◆ WHAT TO DO: Copy the closing run of lines, from the one with "Vibrant Abstract Shapes" through the last line of the listing, exactly and without any pictures.

◆ DATA EXTRACT:
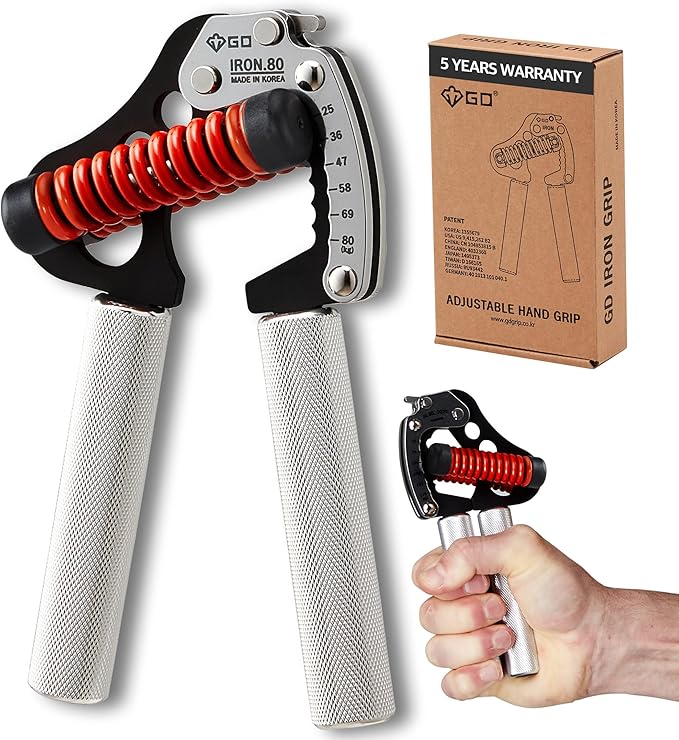 GD IRON GRIP Grip Strength Trainer Adjustable Hand Gripper Strengthener Hand Grip Exerciser Wrist Strengtheners Silent & Durable – Forearm, Finger & Hand Strength Training for Athletes, Climbers & Rehabilitation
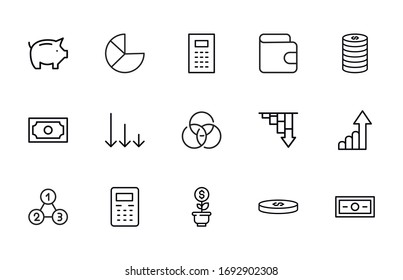Stroke line icons set of debt. Simple symbols for app development and website design. Vector outline pictograms isolated on a white background. Pack of stroke icons. 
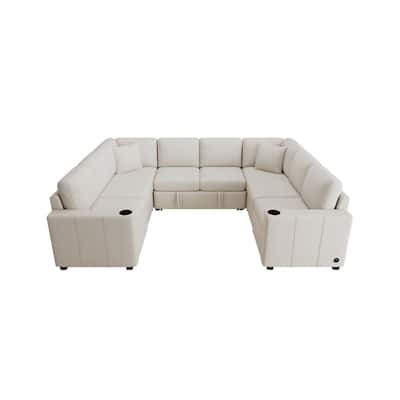 107.1" Convertible Pull Out Sofa Bed, Chenille Fabric U Shaped Sectional Sleeper Sofa Couch with USB Charging and Cup Holders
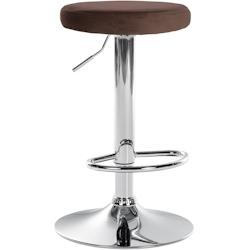 CLP Tabouret de bar Ponte revêtement velours Marron/Chrome - marron textile 322027_0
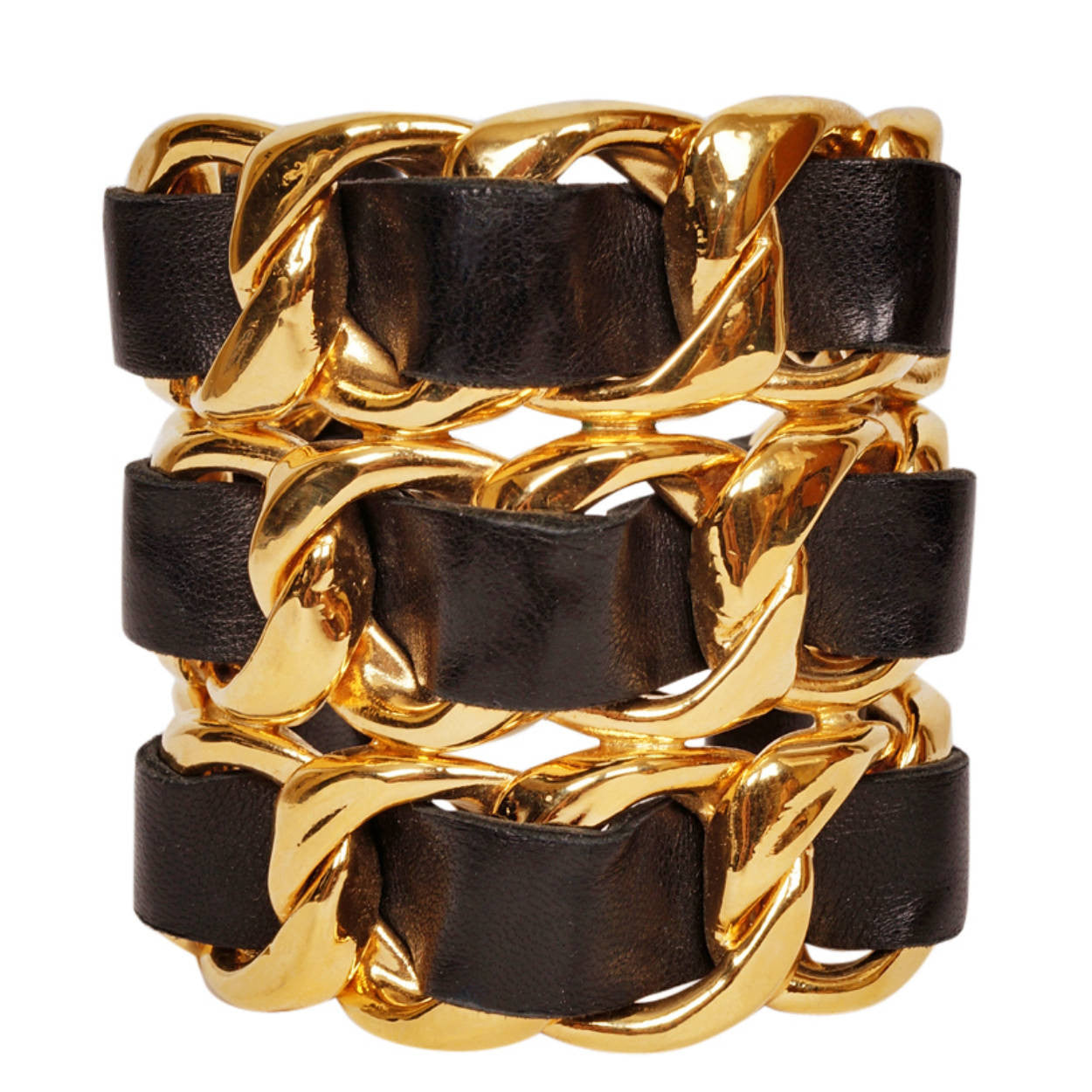 Chanel Leather Turnlock CC Logo Bracelet - Gold-Plated Wrap, Bracelets -  CHA906409 | The RealReal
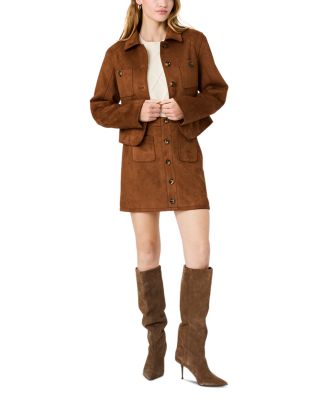 Laney Faux Suede Tailored Jacket & Laney Faux Suede Mini Skirt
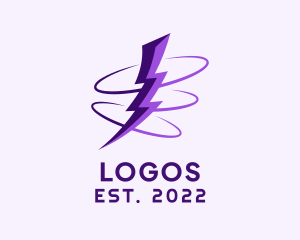 Volt - Spinning Purple Lightning logo design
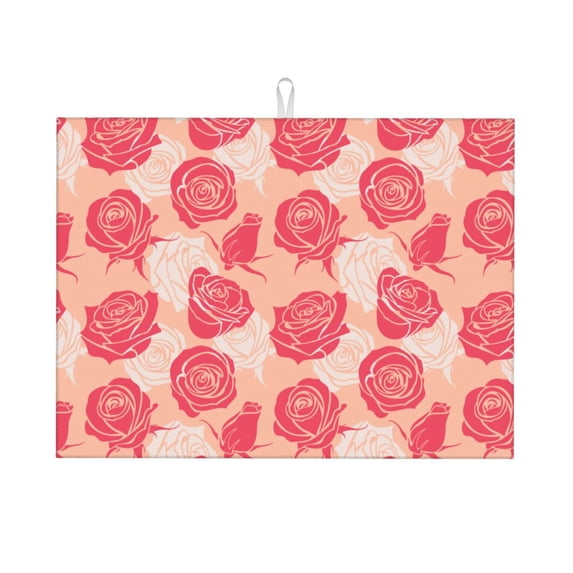 Microfiber Drying Mat, Two Color Romantic Roses Dish Drying Mat for Kitchen Counter, 18 x 24 inches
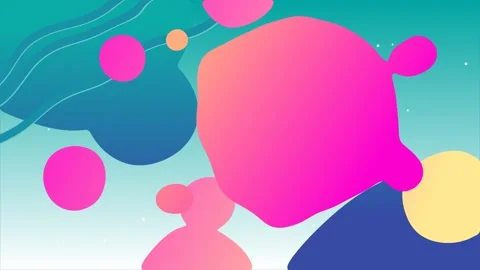 Vibrant Abstract Shapes with Gradient Colors and Playful Atmosphere Stock Footage 341781430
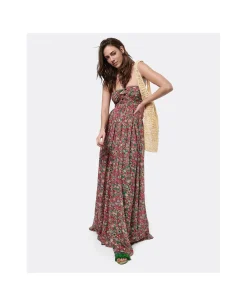 Sale Cuplé Maxi Vestido Aberturas Gasa Estampado Flores Liber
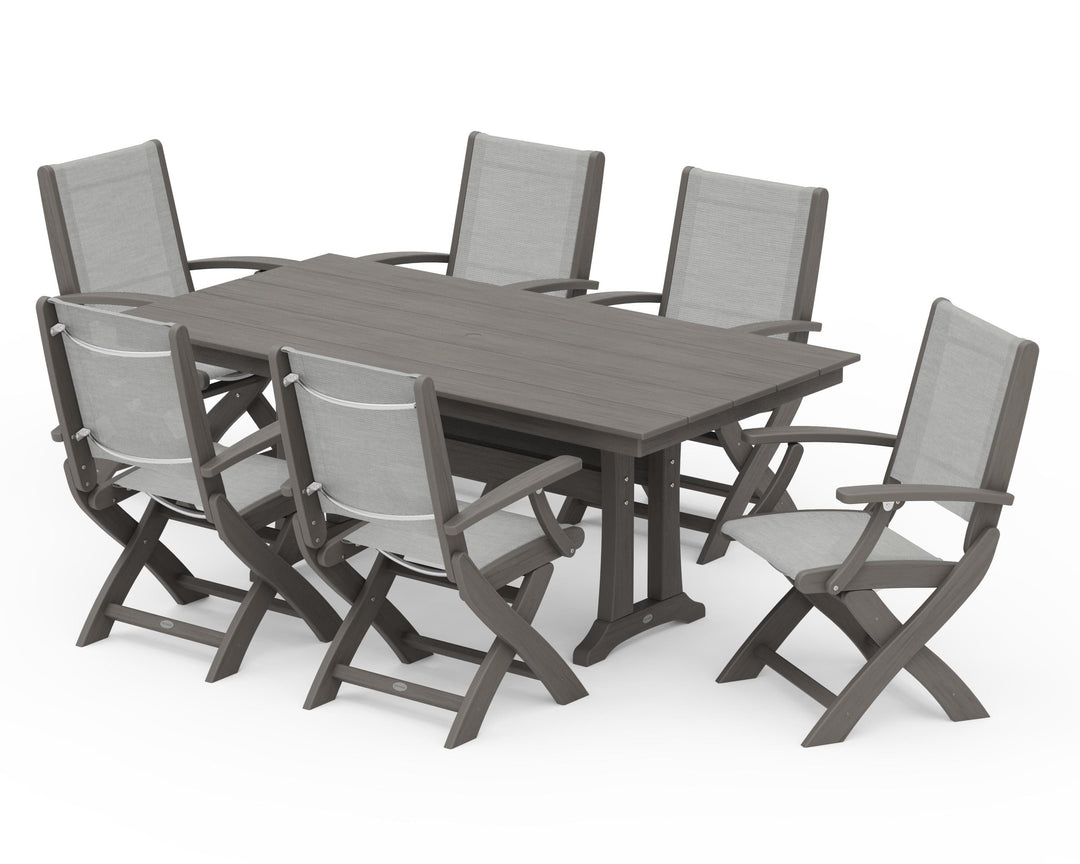 POLYWOOD® Coastal Folding Arm Chair 7-Piece Farmhouse Dining Set with Trestle Legs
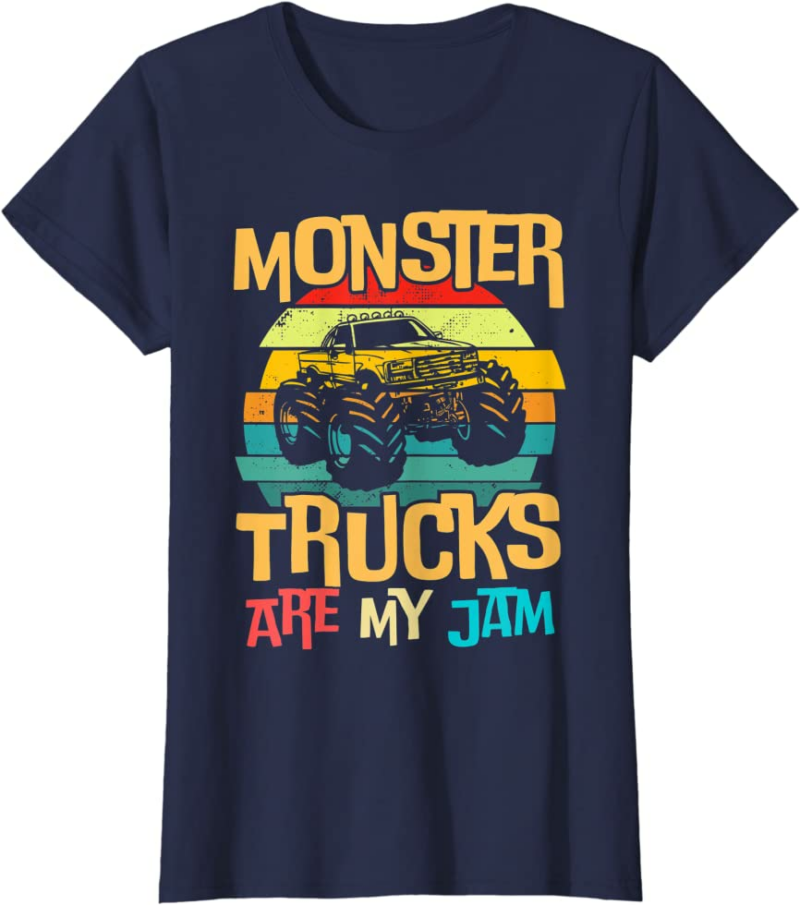 Retro Sunset Truck Vintage Monster Trucks Are My Jam T-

◆ SOLUTION TO THIS PROBLEM:
 Vibrant Abstract Shapes with Gradient Colors and Playful Atmosphere Stock Footage 341781430
 Sale Cuplé Maxi Vestido Aberturas Gasa Estampado Flores Liber
 POLYWOOD® Coastal Folding Arm Chair 7-Piece Farmhouse Dining Set with Trestle Legs
 Retro Sunset Truck Vintage Monster Trucks Are My Jam T-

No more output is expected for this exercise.